ASIC released its most recent data on external administrations on 4 March 2024 and in summary
- all forms of external administrations, except for Court appointments, saw an increase of 35% from the same period of the previous financial year (July 2023- November 2023);
- all industries, except for arts and recreation services, saw an increase in external administrations. The highest number of external administrations were in the construction, accommodation and food services industries;
- the number of monthly external administrations were consistently higher from the same period of the previous financial year (July 2023- November 2023); and
- of the States and Territories, Tasmania saw the greatest increase with external administrations increasing five-fold from the same period of the previous financial year (July 2023- November 2023).

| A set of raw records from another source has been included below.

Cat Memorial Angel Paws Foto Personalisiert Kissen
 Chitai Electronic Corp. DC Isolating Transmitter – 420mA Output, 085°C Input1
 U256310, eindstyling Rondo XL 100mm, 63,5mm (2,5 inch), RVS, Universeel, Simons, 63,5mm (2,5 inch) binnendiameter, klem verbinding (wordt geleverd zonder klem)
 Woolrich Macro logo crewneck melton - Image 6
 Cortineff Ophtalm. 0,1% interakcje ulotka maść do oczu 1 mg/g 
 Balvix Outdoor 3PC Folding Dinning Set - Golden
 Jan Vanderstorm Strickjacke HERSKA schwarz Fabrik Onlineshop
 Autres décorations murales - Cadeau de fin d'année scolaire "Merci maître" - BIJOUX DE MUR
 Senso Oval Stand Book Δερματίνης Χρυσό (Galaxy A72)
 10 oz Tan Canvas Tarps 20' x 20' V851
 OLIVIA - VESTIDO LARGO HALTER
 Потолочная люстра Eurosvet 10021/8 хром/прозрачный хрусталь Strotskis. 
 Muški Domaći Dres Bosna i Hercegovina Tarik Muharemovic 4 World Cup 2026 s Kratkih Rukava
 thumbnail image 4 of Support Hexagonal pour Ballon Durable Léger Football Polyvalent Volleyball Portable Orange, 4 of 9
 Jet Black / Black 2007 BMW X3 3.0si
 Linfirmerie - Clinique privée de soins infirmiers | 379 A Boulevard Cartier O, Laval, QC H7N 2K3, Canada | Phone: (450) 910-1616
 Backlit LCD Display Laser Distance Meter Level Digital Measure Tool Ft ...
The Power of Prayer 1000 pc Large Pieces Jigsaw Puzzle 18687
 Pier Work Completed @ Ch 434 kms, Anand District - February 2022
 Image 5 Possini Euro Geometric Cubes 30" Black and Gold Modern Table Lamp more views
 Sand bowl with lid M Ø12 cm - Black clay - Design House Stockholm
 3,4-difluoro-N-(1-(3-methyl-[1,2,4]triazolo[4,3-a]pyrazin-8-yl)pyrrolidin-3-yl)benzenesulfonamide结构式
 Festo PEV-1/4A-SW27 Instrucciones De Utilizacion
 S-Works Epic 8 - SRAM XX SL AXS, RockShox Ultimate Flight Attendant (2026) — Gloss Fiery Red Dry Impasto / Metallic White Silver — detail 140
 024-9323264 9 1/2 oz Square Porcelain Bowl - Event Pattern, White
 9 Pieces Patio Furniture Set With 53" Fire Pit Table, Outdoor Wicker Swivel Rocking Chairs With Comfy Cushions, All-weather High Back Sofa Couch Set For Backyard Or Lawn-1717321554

What is interesting from this data is that all forms of external administrations have increased except for Court appointments. We believe this is due to the Australian Taxation Office (ATO) recently intensifying its efforts in recovering outstanding debts through the Director Penalty Notice (DPN) mechanism first, rather than enforcing its debts through the Courts. This has led directors to consider their options earlier and take decisive actions in relation to outstanding ATO debt.
Understanding the DPN
A DPN is a powerful tool employed by the ATO to recover unpaid Pay-As-You-Go (PAYG) withholding, Goods and Services Tax (GST) and Superannuation Guarantee Charge (SGC) liabilities of a Company from its directors. This legal notice places personal liability on directors for the company's tax debts, making it crucial for directors to be aware of their financial responsibilities.
The Growing Trend
Statistics released by the Tax Institute indicate a notable uptick in the issuance of DPNs in recent years. For the period July 2023 to January 2024, the Tax Institute reported approximately 5,250 DPNs were issued to directors. This escalation underscores the ATO's commitment to cracking down on non-compliance and ensuring the timely lodgement and payment of tax obligations.
Specific Days to Act
To avoid personal liability and safeguard the financial standing of both the business and its directors, it is essential to act promptly. The ATO grants a 21-day window from the issuance of a non-lockdown DPN during which directors can take specific actions in relation to the Company. Here are key steps to consider within this crucial timeframe:
- Seek Professional Advice: Engage with an insolvency practitioner or legal advisor who specialises in insolvency matters. Their expertise can provide valuable insight into the best course of action based on your specific circumstances.
- Appoint an Administrator: If the financial situation of the business is dire, consider appointing a Voluntary Administrator. This can provide breathing space and potentially result in a restructure or sale of the business.
- Liquidation or Wind Up: In some cases, it may be in the best interest of the directors to voluntarily wind up the company. This option should be explored carefully, considering the potential impact on creditors and stakeholders.
- Small Business Restructure: If the DPN is a non-lockdown DPN, and you are trading a business in a corporate structure, your business may be able to access the new Small Business Restructuring regime. Under this option you continue to trade the business as the director while also proposing a Restructuring Plan to your creditors.
There is a misconception that directors can avoid personal liability by entering into a payment plan with the ATO within 21 days, however this is not correct. The payment plan simply allows a director to repay the liability by way of instalments, however the director becomes personally liable for the whole debt after the end of the 21-day period.
Under a lockdown DPN, the only option available to directors to avoid personal liabilities for the amounts owing by the company is to pay the amounts owing in full.
The helpful link here will provide guidance if a DPN is a lockdown or non-lockdown DPN.
Conclusion
As the ATO continues its pursuit of unpaid tax debts through the DPN mechanism, directors must remain proactive. By understanding the increasing trend, taking swift action within the stipulated timeframe, and seeking professional advice as early as possible, businesses can navigate the complexities of debt recovery and protect both their financial interests and personal liability.